大企業なら、たとえば「海外人事労務の業務は、出向や転籍の手続きがメイン」のように業務が細分化されていることもあると思います。GOでは定型のオペレーション業務のみにとらわれず、福利厚生の制度を現地のメンバーと考えるなどの経験もできます。

増田:
まだトライアルの段階ですが、シンガポールでは業務中にベビーシッターを利用できる制度を始めました。
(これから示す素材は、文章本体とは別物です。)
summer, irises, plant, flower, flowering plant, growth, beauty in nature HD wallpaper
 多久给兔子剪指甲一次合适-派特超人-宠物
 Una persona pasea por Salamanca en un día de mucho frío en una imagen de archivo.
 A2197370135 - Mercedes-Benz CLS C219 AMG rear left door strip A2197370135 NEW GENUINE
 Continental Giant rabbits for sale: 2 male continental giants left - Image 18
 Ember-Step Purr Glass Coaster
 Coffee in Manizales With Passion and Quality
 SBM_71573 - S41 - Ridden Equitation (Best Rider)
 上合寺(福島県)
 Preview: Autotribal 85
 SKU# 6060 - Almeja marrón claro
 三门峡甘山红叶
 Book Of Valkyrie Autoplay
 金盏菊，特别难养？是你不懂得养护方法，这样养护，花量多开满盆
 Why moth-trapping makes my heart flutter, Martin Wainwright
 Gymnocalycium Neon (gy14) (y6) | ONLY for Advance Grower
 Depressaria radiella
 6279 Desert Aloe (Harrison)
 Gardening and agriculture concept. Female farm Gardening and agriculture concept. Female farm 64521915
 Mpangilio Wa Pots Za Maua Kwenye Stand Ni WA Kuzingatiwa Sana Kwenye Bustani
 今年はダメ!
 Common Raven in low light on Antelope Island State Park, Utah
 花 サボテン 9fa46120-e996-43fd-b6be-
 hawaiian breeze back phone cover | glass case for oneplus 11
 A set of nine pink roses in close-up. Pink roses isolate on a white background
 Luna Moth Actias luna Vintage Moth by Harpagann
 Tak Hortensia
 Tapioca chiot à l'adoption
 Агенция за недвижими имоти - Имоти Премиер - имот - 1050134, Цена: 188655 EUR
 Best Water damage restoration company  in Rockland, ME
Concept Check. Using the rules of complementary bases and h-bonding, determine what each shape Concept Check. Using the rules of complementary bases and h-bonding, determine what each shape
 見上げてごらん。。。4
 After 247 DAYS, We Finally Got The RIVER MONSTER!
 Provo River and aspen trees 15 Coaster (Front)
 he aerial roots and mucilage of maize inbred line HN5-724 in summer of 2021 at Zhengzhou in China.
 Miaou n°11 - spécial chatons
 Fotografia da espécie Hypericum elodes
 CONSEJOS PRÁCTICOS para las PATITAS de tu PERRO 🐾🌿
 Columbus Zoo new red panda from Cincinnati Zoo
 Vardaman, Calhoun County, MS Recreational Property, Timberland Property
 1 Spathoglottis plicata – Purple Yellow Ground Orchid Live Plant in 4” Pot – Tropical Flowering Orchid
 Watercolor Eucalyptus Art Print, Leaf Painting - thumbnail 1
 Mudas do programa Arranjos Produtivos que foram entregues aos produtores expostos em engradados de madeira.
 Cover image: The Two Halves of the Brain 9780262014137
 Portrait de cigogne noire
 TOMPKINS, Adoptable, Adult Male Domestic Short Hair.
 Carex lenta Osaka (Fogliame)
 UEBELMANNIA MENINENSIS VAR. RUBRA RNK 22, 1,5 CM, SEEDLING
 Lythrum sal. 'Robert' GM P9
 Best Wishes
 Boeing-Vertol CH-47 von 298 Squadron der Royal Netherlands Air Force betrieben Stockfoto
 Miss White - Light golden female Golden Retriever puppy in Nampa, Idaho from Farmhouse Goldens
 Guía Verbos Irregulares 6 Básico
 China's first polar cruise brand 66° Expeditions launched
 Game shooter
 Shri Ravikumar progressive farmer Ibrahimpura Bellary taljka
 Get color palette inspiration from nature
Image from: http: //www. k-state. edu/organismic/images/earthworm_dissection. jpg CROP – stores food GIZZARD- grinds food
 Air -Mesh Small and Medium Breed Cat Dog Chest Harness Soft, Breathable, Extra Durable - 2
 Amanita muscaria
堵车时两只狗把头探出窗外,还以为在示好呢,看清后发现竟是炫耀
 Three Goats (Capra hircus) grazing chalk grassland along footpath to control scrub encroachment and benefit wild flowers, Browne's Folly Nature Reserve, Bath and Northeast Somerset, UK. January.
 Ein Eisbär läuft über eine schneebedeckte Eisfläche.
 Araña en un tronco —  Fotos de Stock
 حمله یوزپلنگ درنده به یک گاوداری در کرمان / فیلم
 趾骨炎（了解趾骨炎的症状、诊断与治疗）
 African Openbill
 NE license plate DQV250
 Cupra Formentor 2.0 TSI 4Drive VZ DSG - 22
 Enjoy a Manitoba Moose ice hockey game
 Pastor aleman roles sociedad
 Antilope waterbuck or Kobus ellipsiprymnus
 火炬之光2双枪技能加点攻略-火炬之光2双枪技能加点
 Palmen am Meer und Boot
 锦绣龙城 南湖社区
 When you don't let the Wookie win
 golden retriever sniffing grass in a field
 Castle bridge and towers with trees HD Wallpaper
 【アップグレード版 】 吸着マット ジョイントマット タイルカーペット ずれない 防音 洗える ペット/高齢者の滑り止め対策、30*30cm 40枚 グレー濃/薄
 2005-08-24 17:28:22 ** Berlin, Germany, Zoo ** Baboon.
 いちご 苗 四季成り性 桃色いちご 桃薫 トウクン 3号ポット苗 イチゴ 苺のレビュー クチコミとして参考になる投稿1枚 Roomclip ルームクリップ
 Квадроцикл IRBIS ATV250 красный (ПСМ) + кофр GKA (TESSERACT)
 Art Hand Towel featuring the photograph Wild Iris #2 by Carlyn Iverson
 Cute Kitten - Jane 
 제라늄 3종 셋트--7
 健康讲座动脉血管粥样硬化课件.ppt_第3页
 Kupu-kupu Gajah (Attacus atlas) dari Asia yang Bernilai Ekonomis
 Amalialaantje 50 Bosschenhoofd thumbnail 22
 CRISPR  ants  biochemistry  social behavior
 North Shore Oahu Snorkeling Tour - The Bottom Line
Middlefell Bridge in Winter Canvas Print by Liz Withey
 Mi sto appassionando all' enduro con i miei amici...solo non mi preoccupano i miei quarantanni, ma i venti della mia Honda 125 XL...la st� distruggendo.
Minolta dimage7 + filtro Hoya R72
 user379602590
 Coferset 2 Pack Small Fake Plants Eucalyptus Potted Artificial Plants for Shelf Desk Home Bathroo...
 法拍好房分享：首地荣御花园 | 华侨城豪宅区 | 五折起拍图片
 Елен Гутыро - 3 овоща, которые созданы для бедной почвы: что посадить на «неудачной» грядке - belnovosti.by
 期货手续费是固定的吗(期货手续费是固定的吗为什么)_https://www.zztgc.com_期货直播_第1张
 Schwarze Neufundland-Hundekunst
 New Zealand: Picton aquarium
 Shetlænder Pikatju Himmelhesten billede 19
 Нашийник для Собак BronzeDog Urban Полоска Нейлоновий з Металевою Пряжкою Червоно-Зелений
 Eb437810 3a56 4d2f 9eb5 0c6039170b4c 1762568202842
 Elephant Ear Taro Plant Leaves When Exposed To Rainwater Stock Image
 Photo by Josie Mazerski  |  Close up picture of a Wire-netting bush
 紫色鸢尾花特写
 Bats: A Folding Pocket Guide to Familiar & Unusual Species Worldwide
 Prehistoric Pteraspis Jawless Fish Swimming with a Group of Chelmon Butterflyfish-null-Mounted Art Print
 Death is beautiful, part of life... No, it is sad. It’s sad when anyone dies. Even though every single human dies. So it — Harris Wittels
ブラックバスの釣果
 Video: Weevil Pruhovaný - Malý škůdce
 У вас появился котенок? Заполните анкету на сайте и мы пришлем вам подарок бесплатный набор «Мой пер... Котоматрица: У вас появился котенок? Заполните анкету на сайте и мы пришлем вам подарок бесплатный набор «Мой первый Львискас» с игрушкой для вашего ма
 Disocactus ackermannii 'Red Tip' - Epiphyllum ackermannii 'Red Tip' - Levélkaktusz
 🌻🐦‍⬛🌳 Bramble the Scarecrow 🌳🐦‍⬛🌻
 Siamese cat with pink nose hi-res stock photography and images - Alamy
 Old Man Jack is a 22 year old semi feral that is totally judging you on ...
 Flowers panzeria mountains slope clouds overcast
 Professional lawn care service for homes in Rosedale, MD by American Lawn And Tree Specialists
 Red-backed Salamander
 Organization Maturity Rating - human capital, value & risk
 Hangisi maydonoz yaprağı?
お子さんがいるメンバーが、ウェビナーやお客様とのミーティングをしている際、どうしてもお子さんの声が入ってしまうなど、業務に集中できない時間帯が発生するという問題があったからです。
一言でベビーシッターと言っても、1日単位や時間単位などプランがさまざまなので、まずはトライアルでベビーシッターを利用してもらい、利便性や業務へ集中できる時間が確保できたかなど、フィードバックをもらってきちんとした制度につなげていきたいと思っています。

増田:
一見するとミーティングが多すぎるように見えるかもしれませんが、認識をすり合わせていくことが重要なので、必要な時間です。
例として「外部社労士とのミーティング」と記載しましたが、契約書の作成や福利厚生の検討など、各国の法律や事情に合わせる必要があるので、その国に詳しい専門の方とのミーティングが重要になるんですよね。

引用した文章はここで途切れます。